Text
Pemberian zakat perdagangan berdasarkan hasil kerja karyawan ditinjau dari fiqh zakat (studi kasus sentra kerajinan tenun ikat UD. Medali Mas Bandar Kidul)
Harta perdagangan adalah semua harta yang bisa dipindah untuk diperjualbelikan dan bisa mendatangkan keuntungan. Sedangkan yang dimaksud zakat perdagangan adalah zakat yang dikeluarkan atas kepemilikan harta yang diperuntukkan untuk diperjual belikan. Berdasarkan hasil ijma' ulama dan tabi'in setiap barang yang diperjual belikan harus dikeluarkan zakatnya. Hal ini merujuk pada firman Allah dalam QS. Al-Baqarah 267, juga dikuatkan dengan hadits nabi bahwa setiap hal yang diperjualbelikan harus dizakati sama halnya seperti buah-buahan dan tanaman yang diperjualbelikan.
Dalam upaya pelaksanaan syariat itulah Ibu Siti Ruqoyyah selaku pemilik usaha dagang Sentra Kerajinan Tenun Ikat Medali Mas Bandar Kidul memberikan zakat hasil usaha dagangnya. Dalam praktek pemberian zakat umumnya para pemilik harta (muzakki) memberikannya pada masyarakat sekitar yang membutuhkan namun berbeda dengan Ibu Siti Ruqoyyah, ia memilih untuk membagikan sendiri zakatnya dan membagikannya pada karyawannya masing- masing. Hal ini dikarenakan setiap karyawan yang bekerja di industri tersebut dinilai tergolong dalam salah satu 8 golongan asnaf sehingga mereka berhak untuk menerima zakat (mustahiq). Selain itu juga zakat tersebut diberikan sesuai dengan hasil kerja karyawannya supaya pemberian zakat ini dapat menjadi motivasi tersendiri bagi karyawannya dalam bekerja.

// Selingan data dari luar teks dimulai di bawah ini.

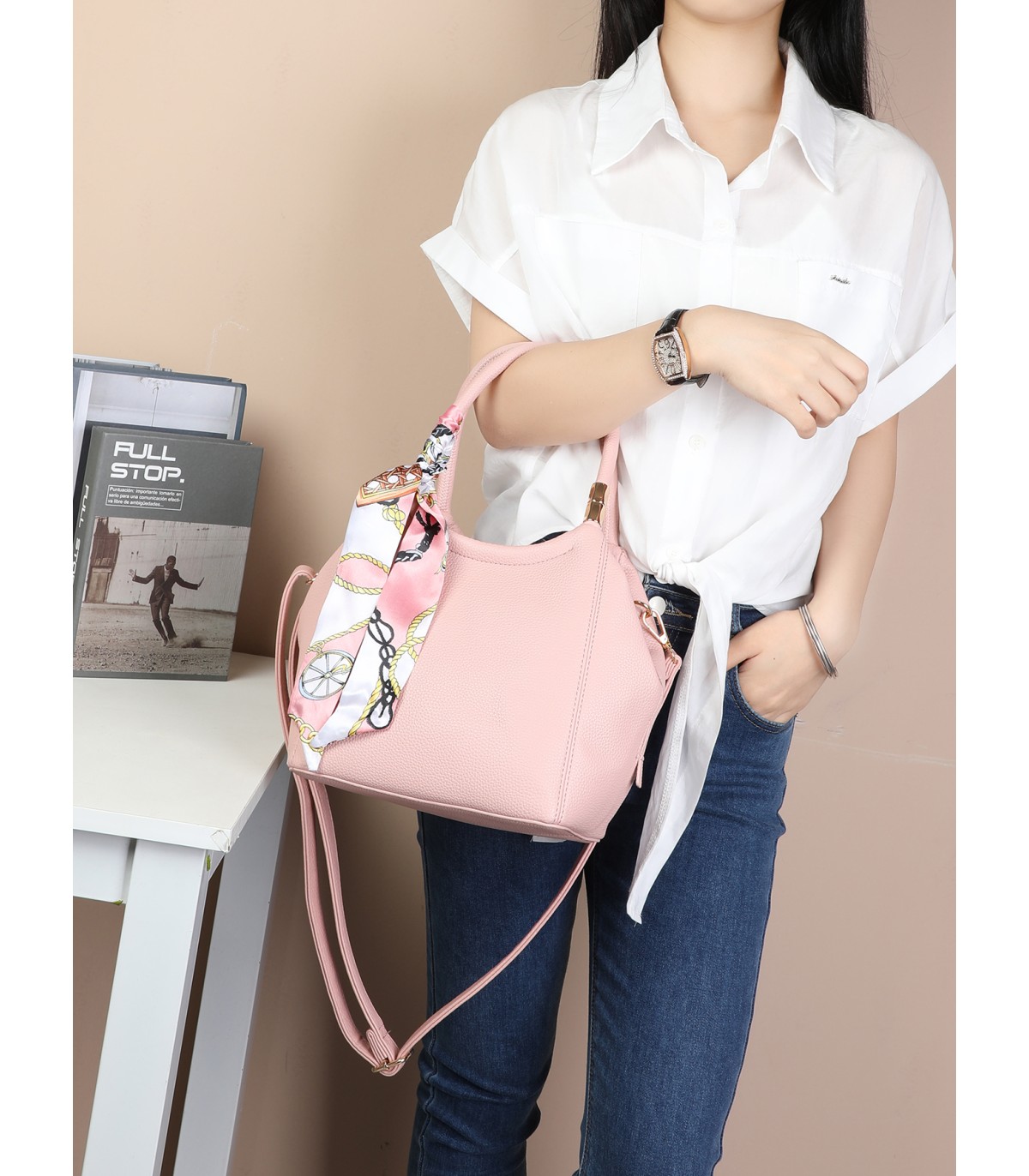 T11664 - Bolso pequeño de mano con pañuelo y bandolera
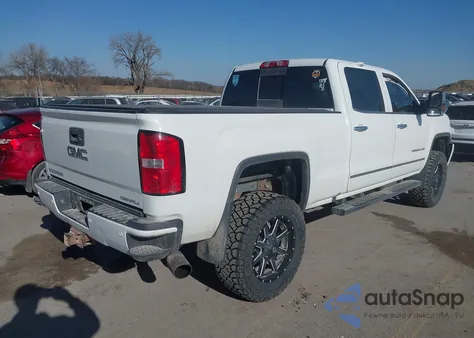 2016 GMC Sierra 2500Hd Denali z USA, uszkodzony, nr VIN 1GT12UE80GF126838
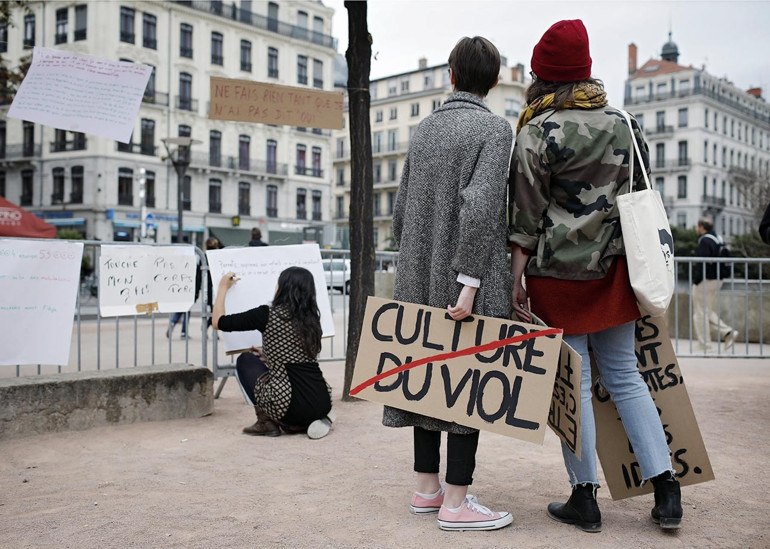#MeToo kampanyası sokağa taşındı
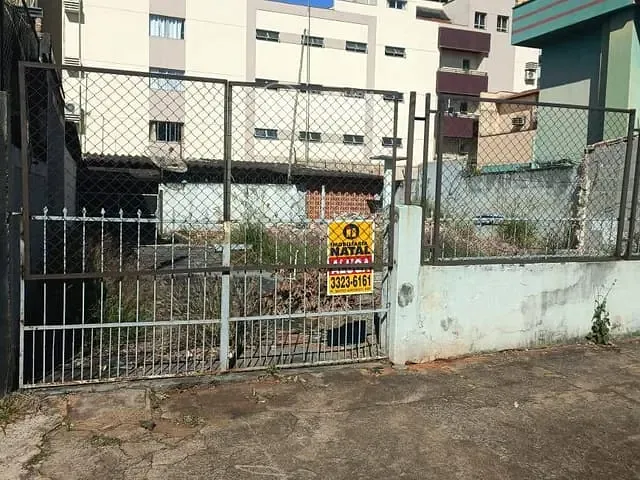 Casa 2 quartos e 1 banheiro, para alugar, no bairro Vitória em Londrina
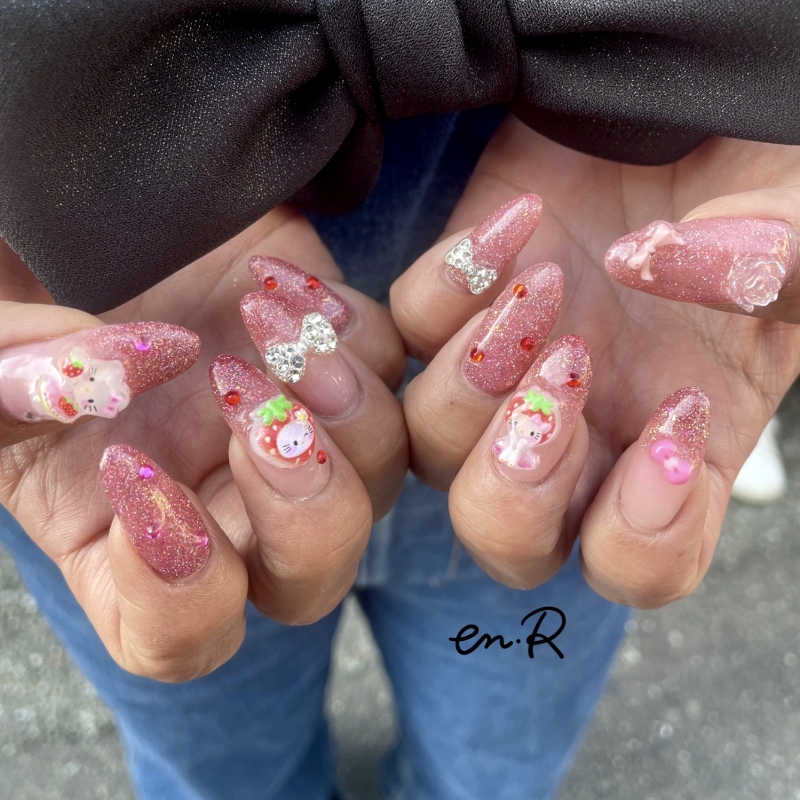 en.R_nail_anko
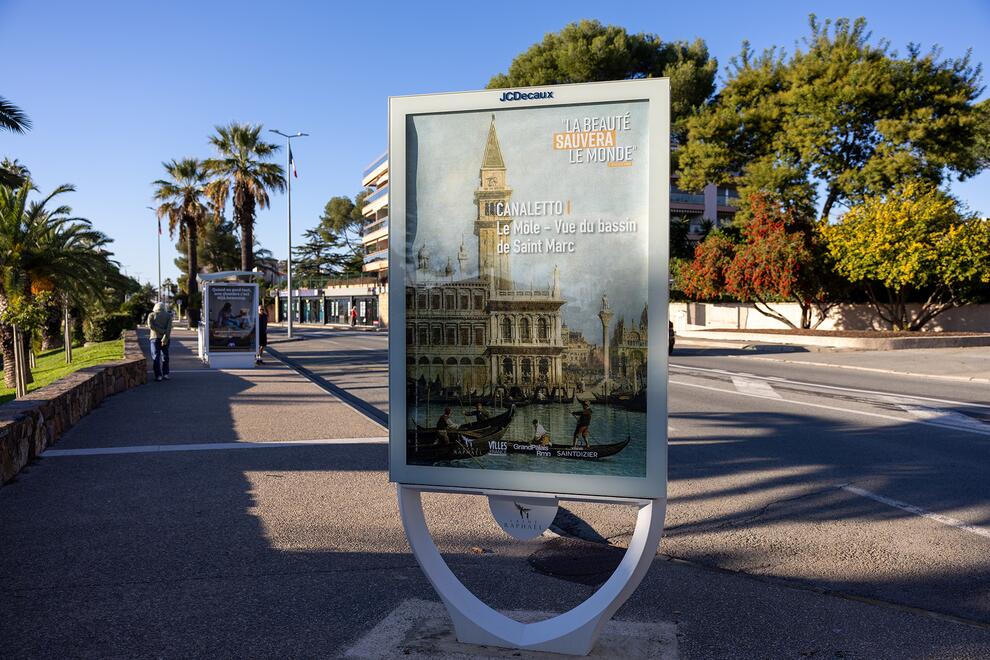 Affichage de la campagne à Saint-Raphaël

Dalam pengeluarannya, zakat perdagangan atau zakat hasil usaha memiliki cara penghitungannya tersendiri. Yakni dengan menggabungkan seluruh harta kekayaan baik piutang maupun utang untuk kemudian dihitung besaran zakat yan harus dikeluarkan sesuai dengan kadar nishabnya yakni 2,5% dari jumlah harta Oleh karena itu, penelitian ini berfokus untuk mengetahui bagaimana pemberian zakat perdagangan Ibu Siti di Sentra Kerajinan Tenun Ikat UD. Medali Mas yang didasarkan pada hasil kerja karyawannya.

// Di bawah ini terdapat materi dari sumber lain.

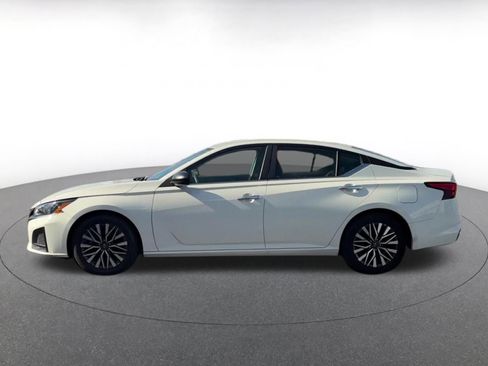 Used 2025 Nissan Altima 2.5 SV FWD image 9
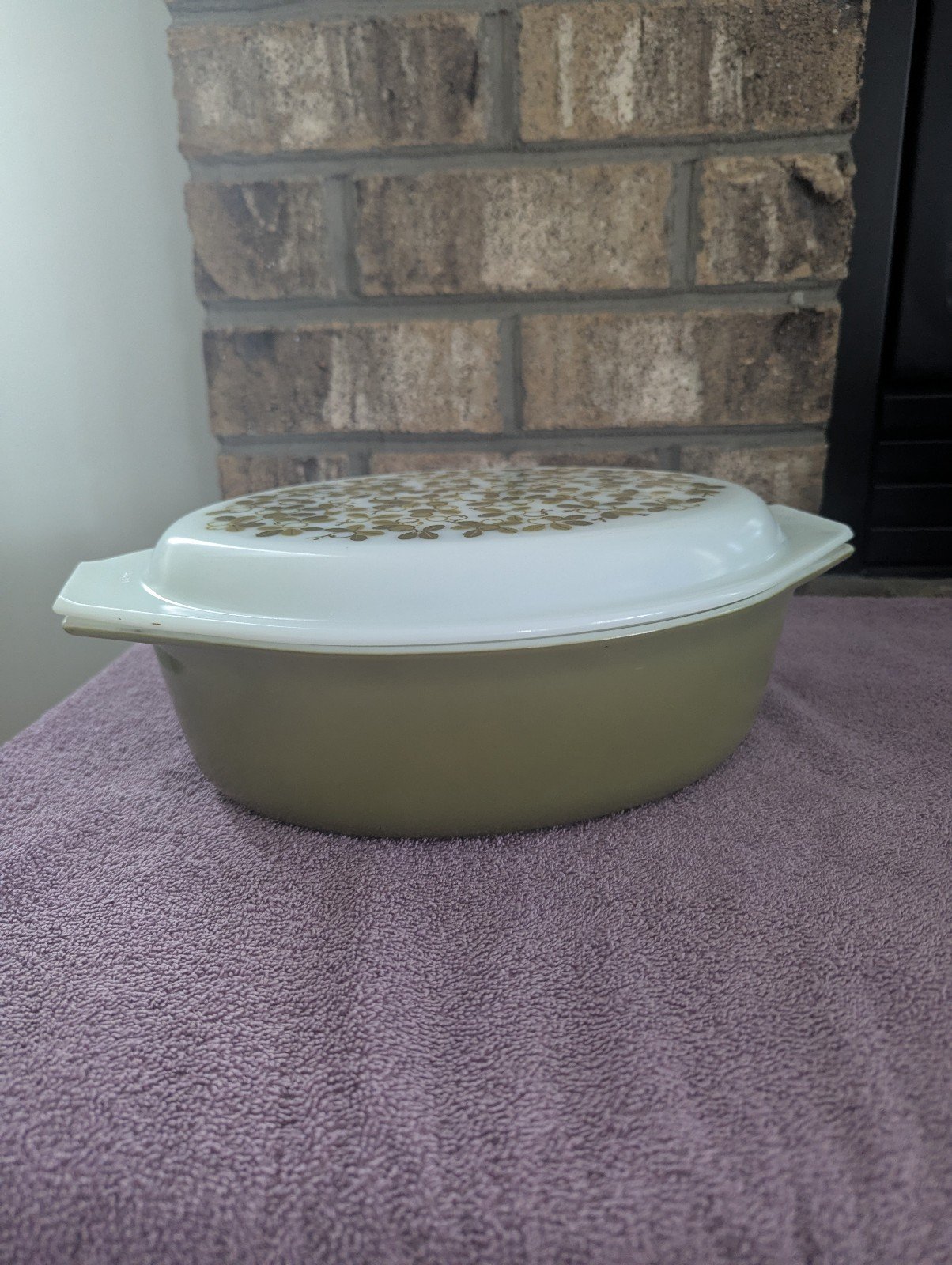 Vintage Pyrex VERDE OLIVE 2.5 Qt. Oval Covered Casserole Dish W/Lid Excellent.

Penelitian ini bersifat kualitatif, dan jenis penelitian lapangan studi kasus Data primer yang digunakan dikumpulkan menggunakan teknik wawancara dan observasi, serta data sekunder yang berasal dari dokumentasi. Selanjutnya hasil penelitian tersebut dalam bentuk deskripsi sesuai dengan kerangka penelitian kualitatif.
Hasil penelitian menunjukkan bahwa, pemberian zakat hasil usaha dagang milik Ibu Siti Ruqoyyah yang diberikan sendiri kepada karyawannya hal ini tidak bertentangan dengan hukum islam, karena para karyawan tersebut masuk dalam kategori fakir miskin sebagaimana disebutkan dalam Al-Qur'an Surat Al-Baqoroh ayat 267 dan Undang-undang No 23 Tahun 2011 tentang Pengelolaan Zakat bahwa yang berhak mendapat zakat adalah fakir, miskin, amil, gharim, riqab, fi sabilillah, ibnu sabil dan muallaf.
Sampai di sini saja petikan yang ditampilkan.